-- SUPPLIED MATERIAL follows --
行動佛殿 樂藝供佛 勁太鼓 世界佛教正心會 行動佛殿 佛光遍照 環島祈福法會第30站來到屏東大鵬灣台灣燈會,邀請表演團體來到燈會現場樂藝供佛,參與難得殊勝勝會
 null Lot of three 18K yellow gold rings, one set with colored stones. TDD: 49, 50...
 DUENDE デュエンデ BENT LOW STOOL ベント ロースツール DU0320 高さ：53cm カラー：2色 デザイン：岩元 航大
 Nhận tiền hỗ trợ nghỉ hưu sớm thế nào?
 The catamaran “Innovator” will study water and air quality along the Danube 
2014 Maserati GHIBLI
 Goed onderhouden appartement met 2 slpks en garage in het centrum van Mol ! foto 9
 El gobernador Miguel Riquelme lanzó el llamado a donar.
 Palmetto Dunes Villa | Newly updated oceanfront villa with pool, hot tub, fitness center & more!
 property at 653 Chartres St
-- SUPPLIED MATERIAL concluded --
◆ PROBLEM TO SOLVE ◆
Nothing but the full listing, copied exactly, belongs in the answer.

◆ REPLY ◆
行動佛殿 樂藝供佛 勁太鼓 世界佛教正心會 行動佛殿 佛光遍照 環島祈福法會第30站來到屏東大鵬灣台灣燈會,邀請表演團體來到燈會現場樂藝供佛,參與難得殊勝勝會
 null Lot of three 18K yellow gold rings, one set with colored stones. TDD: 49, 50...
 DUENDE デュエンデ BENT LOW STOOL ベント ロースツール DU0320 高さ：53cm カラー：2色 デザイン：岩元 航大
 Nhận tiền hỗ trợ nghỉ hưu sớm thế nào?
 The catamaran “Innovator” will study water and air quality along the Danube 
2014 Maserati GHIBLI
 Goed onderhouden appartement met 2 slpks en garage in het centrum van Mol ! foto 9
 El gobernador Miguel Riquelme lanzó el llamado a donar.
 Palmetto Dunes Villa | Newly updated oceanfront villa with pool, hot tub, fitness center & more!
 property at 653 Chartres St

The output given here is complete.